IF 8.1 1区 生物学 Q1 BIOCHEMISTRY & MOLECULAR BIOLOGY Pub Date : 2024-08-07 DOI: 10.1016/j.cub.2024.07.060
Katrina A Mitchell, Joseph H A Vissers, Jonathan M Pojer, Elliot Brooks, Abdul Jabbar Saiful Hilmi, Anthony T Papenfuss, Jan Schröder, Kieran F Harvey

Epithelial organs maintain their integrity and prevent tumor initiation by actively removing defective cells, such as those that have lost apicobasal polarity. Here, we identify how transcription factors of two key signaling pathways-Jun-N-terminal kinase (JNK) and Hippo-regulate epithelial integrity by controlling transcription of an overlapping set of target genes. Targeted DamID experiments reveal that, in proliferating cells of the Drosophila melanogaster eye, the AP-1 transcription factor Jun and the Hippo pathway transcription regulators Yorkie and Scalloped bind to a common suite of target genes that promote organ growth. In defective neoplastic cells, AP-1 transcription factors repress transcription of growth genes together with the C-terminal binding protein (CtBP) co-repressor. If gene repression by AP-1/CtBP fails, neoplastic tumor growth ensues, driven by Yorkie/Scalloped. Thus, AP-1/CtBP eliminates defective cells and prevents tumor initiation by acting in parallel to Yorkie/Scalloped to repress expression of a shared transcriptome. These findings shed new light on the maintenance of epithelial integrity and tumor suppression.
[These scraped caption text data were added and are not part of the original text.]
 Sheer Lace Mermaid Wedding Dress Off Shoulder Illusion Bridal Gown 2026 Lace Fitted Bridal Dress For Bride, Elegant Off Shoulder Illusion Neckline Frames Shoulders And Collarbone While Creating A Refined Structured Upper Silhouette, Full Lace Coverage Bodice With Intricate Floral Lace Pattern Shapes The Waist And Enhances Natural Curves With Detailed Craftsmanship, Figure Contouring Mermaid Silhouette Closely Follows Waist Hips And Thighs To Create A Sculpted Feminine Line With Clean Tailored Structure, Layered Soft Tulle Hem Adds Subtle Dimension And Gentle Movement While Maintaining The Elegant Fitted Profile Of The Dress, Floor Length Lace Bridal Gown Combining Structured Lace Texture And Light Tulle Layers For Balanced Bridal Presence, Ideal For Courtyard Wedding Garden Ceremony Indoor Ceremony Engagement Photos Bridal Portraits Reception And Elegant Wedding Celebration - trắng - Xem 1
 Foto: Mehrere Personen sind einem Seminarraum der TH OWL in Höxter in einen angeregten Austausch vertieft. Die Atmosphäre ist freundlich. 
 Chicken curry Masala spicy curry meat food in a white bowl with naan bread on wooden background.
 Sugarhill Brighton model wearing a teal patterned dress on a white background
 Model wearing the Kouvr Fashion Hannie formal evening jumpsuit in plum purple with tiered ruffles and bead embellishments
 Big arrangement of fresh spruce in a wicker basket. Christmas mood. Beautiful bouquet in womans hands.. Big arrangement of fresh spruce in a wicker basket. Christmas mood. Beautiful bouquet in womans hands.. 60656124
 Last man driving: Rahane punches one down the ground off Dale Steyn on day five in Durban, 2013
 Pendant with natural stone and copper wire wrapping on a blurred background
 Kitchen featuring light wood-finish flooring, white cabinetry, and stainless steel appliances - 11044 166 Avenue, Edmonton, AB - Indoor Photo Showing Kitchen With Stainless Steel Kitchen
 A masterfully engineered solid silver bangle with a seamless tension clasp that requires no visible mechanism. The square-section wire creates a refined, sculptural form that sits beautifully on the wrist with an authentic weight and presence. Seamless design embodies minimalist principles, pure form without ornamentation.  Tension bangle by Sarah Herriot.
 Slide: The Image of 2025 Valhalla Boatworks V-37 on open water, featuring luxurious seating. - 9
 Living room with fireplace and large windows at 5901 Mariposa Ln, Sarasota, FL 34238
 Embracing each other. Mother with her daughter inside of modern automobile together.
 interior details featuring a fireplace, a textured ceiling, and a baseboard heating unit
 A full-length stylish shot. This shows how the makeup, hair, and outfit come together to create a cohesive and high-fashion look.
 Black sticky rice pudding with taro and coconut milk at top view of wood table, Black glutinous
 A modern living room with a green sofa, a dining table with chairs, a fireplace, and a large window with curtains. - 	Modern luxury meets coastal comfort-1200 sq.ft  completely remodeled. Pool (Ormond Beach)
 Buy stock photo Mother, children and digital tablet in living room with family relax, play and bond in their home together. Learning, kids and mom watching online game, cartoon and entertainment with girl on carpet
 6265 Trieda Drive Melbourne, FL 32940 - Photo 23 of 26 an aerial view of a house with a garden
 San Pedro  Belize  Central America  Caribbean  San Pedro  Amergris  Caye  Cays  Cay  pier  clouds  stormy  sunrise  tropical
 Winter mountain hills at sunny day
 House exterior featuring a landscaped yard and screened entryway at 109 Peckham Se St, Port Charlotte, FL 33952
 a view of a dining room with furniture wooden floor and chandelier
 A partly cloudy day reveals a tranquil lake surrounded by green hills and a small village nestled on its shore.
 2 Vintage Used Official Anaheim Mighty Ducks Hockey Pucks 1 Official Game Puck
上皮器官通过积极清除有缺陷的细胞(如失去顶基极性的细胞)来保持其完整性并防止肿瘤的发生。在这里,我们确定了两个关键信号通路--Jun-N-末端激酶(JNK)和Hippo--的转录因子如何通过控制一组重叠的靶基因的转录来调节上皮的完整性。靶向 DamID 实验显示,在黑腹果蝇眼睛的增殖细胞中,AP-1 转录因子 Jun 和 Hippo 通路转录调节因子 Yorkie 和 Scalloped 与促进器官生长的一系列共同靶基因结合。在有缺陷的肿瘤细胞中,AP-1 转录因子与 C 端结合蛋白(CtBP)共抑制因子一起抑制生长基因的转录。如果 AP-1/CtBP 对基因的抑制失效,肿瘤就会在约基/扇贝蛋白的驱动下生长。因此,AP-1/CtBP 通过与 Yorkie/Scalloped 并行抑制共同转录组的表达,消除了有缺陷的细胞,防止了肿瘤的发生。这些发现为维护上皮完整性和抑制肿瘤提供了新的思路。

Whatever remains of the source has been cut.